What the task requires: Would you copy the listing below exactly, keeping the pictures out?

Collected data:
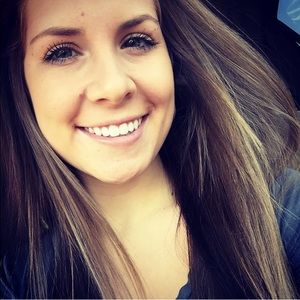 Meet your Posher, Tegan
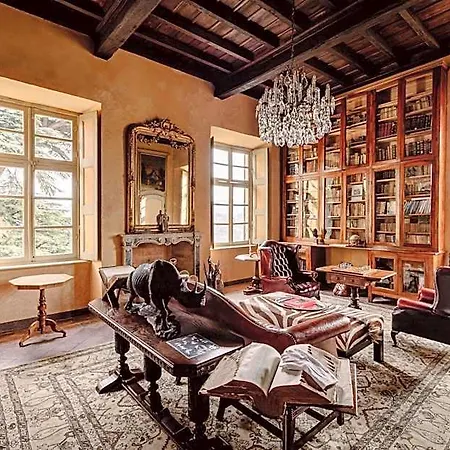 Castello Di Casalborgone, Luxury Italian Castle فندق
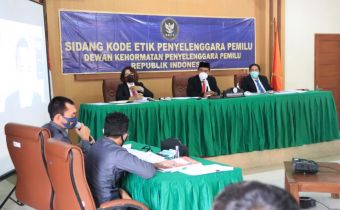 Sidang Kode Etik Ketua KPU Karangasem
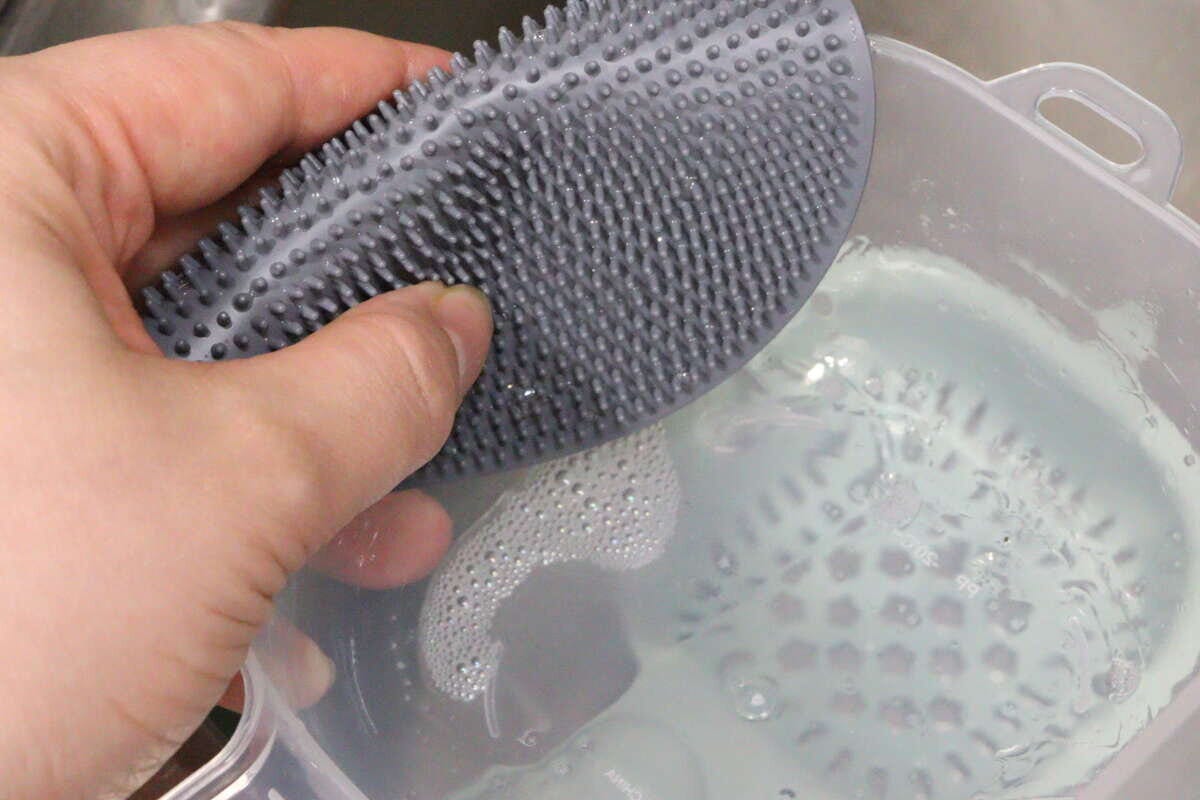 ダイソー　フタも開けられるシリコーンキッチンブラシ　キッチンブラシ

Expected answer:
 Meet your Posher, Tegan
 Castello Di Casalborgone, Luxury Italian Castle فندق
 Sidang Kode Etik Ketua KPU Karangasem
 ダイソー　フタも開けられるシリコーンキッチンブラシ　キッチンブラシ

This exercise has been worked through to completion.